Use the search feature and you will find tons of info on it


----------



## SmoothLures (Feb 13, 2008)

I doubt Perry's sells them. Tell them you want a pompano rig tied from flouro and if you want regular or circle hooks and they'll make/sell you some. Good folks. I can also hook you up with rigs, drop me a PM.


----------



## ntizda (Sep 5, 2012)

https://www.google.com/search?q=pom...AA&biw=320&bih=504#biv=i|78;d|CvFCnA1v8nm2eM:


So smooth, is this basically the river rig?

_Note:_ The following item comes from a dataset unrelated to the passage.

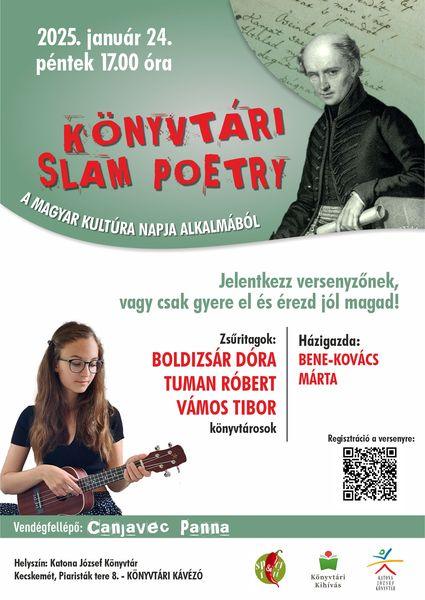 2025. január 24. péntek 17.00 óra Könyvtári slam poetry a magyar kultúra napja alkalmából Jelentkezz versenyzőnek, vagy csak gyere el és érezd jól magad! Zsűritagok: Boldizsár Dóra, Tuman Róbert, Vámos Tibor könyvtárosok Házigazda: Bene-Kovács Márta Vendégfellépő: Canjavec Panna Regisztráció a versenyre: https://forms.gle/czD1GaJFXLqvz5386 Helyszín: Könyvtári Kávézó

Sorry if it doesn't show, I'm on a mobile device so I can't attach the picture to the post


----------



## bronzbck1 (Jun 13, 2007)

A river rig is different, they are sold on e bay, Frisco rod and guns site and tradewinds site


----------



## SmoothLures (Feb 13, 2008)

That didn't link to anything specific, but I wouldn't use a mass produced store bought rig that it mostly shows. Hand tied in a bait shop or your own are the rigs you want. For bottom rigs I prefer 25 lb fluorocarbon, no beads, and one swivel for your main line. Tie a loop at the bottom for your sinker or a clip if you prefer. If I want to fish bigger baits (strips of cut bait, half/whole shrimp, jumbo fleas, ect) I'll go with 30 lb fluorocarbon and bigger hooks. If the blues are biting I step up to 50 lb mono or just use a wire bottom rig. Other than that it's just fishfinder rigs in different sizes for bigger cut baits or live mullet. Hooks are all personal preference. Circle, J, kahle, they all work. Use what you have confidence in. Play around with different color beads if it's slow. I probably carry 50 pretied rigs with me every trip. I have seen days where having a bottom rig tied out of 15 lb mono got me in the sea trout off of 2nd Ave when they were thick one fall, and I literally didn't have a single bite on 30 lb while the locals were catching them left and right. That's my only problem with buying rigs, sometimes you need to do something different.


----------



## Loner (Sep 9, 2009)

...remember the RIG don't put fish in the water....U can set a net where there ain't no fish and U ain't gonna catch none....lots of folks think they can tie a river rig on and the fish magically appear where ever they throw....


----------



## River (Sep 30, 2006)

I totally agree with tying your own Rigs so you can try different colors, drop lengths, loop lengths, hooks - etc - I tie all my own Rigs but I only use Fluoro, even in freshwater ---- also Loner's very much correct, no Rig will bring in fish if they ain't already there, don't know who started that -- but -- I am working on a fish call and a powder - called River's FishHorn and River's ComHereFish (both are available in Pink) - watch for it on TV ---- The FISH COMMANDER---, Garbo - would you be available for a guest spot ? I like your style !! River

Disclaimer: Dang - I get bored around this time everyday !!!


----------



## dudeondacouch (Apr 6, 2010)

Will the FishHorn be as effective as my SuperThump fish mallet?


----------



## River (Sep 30, 2006)

Not sure but does you SuperThump fish mallet come in pink ??


----------



## dudeondacouch (Apr 6, 2010)

uh... i could paint it!


----------



## surfmom (Nov 3, 2012)

I want purple!


----------



## River (Sep 30, 2006)

We do have purple - we sometimes call it Coquina --- we do aim to please !! Hope you're doin well and catchin fish Surfmom --- River


----------